DURER, Albrecht; and Adam Von BARTSCH
Untitled Map of the World
Durer's stereographic view of the world
Publication details:
Vienna, auf der K. K. hofbibliothek befinden. Wien, auf Rosten und im Verlage Josephs Eblen von Rurzbed, K. K. illnrisch und orientalischen hofbuchdrudern, 1515, and 1781
Information:
Large woodcut map on two separate sheets
Bibliography:
Kurth 297-298; Shirley 39; The World Encompassed 50, pI. XIII
Notes:
Although unsigned by him, Durer's map was, after Waldseemuller’s of 1507 and 1516, the largest and visually most impressive, early world map to have been produced in woodcut. The map, one of the first on a stereographic projection, was produced in collaboration with Johann Stabius, the court astronomer to Maximillian I. The pair had previously worked upon a set of star charts - the first printed charts of the heavens - which also bear the date 1515. It is hard not to assume that these two works were meant as companion pieces. With the world map’s rather unsuccessful attempt to render the globular world as a flat sphere, the pieces certainly bear a uniformity of design. The map features are essentially Ptolemaic, with Europe and East Asia appearing on the extreme left and right of the map. The only nod to modernity is the acknowledgement of the circumnavigation of Africa, which was taken from Martin Behaim’s globe of 1492. To the bottom right is the privilege dated 1515, with the arms of Johann Stabius lower left. The borders also bear the arms of, and dedication to, the work's patron, Cardinal Matthaus Lang, Archbishop of Salzburg.
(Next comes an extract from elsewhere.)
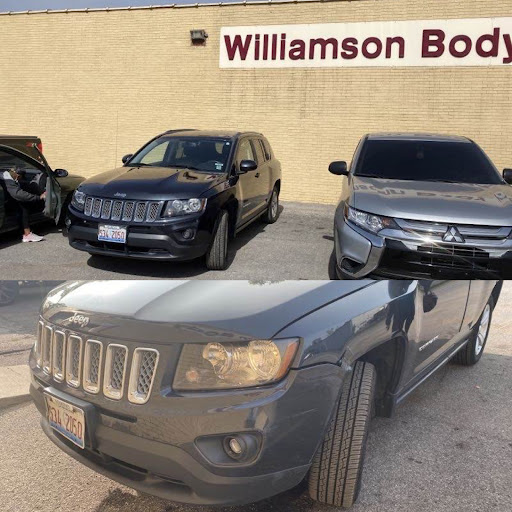 Auto Body Shop «Williamson Body Shop», reviews and photos, 4022 E 26th St, Indianapolis, IN 46218, USA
It is in the depiction of the twelve winds that Dürer's hand is most evident. Each wind is depicted as a head borne upon a cloud with a winged headdress, a few bearing peacock feathers, all with very expressive faces.
Although the map is dated 1515 (as well as 1781), the only surviving examples are of the 1781 issue and a few strikes pulled in 1864. Likely fewer than ten impressions in all survive. The woodblocks for the map have survived and are at the National Library of Austria. The map was published by the Austrian scholar and artist, Johann Adam von Bartsch who would later produce a catalogue of Old Master prints, one of the cornerstones for the study of history of old prints. In 1781 Bartsch was on the staff of the Royal Court Library in Vienna (becoming Head Curator of its print collection in 1791), when woodblocks by or associated with Durer were found at the Castle Ambras in the Tyrol and at the former Jesuit College in Graz, Austria. At the time of the publication from these blocks in 1781, many were already known as great rarities with no impressions from the sixteenth-century extant.
With the financial help of the publisher, Joseph Elden von Kurzbeck, this map was published in a portfolio with 13 other woodcuts, in a very limited edition, with an introduction by Bartsch.
OCLC records examples of the portfolio at Herzogin Ann Amalia Biblothk; Staats Bibliothk Zu Berlin; Bibliotheque Nationale De France (possibly just text); Danish Union Catalogue & National Library; British Library. Kurth, Dr. Willi The Complete Woodcuts of Albrecht Durer.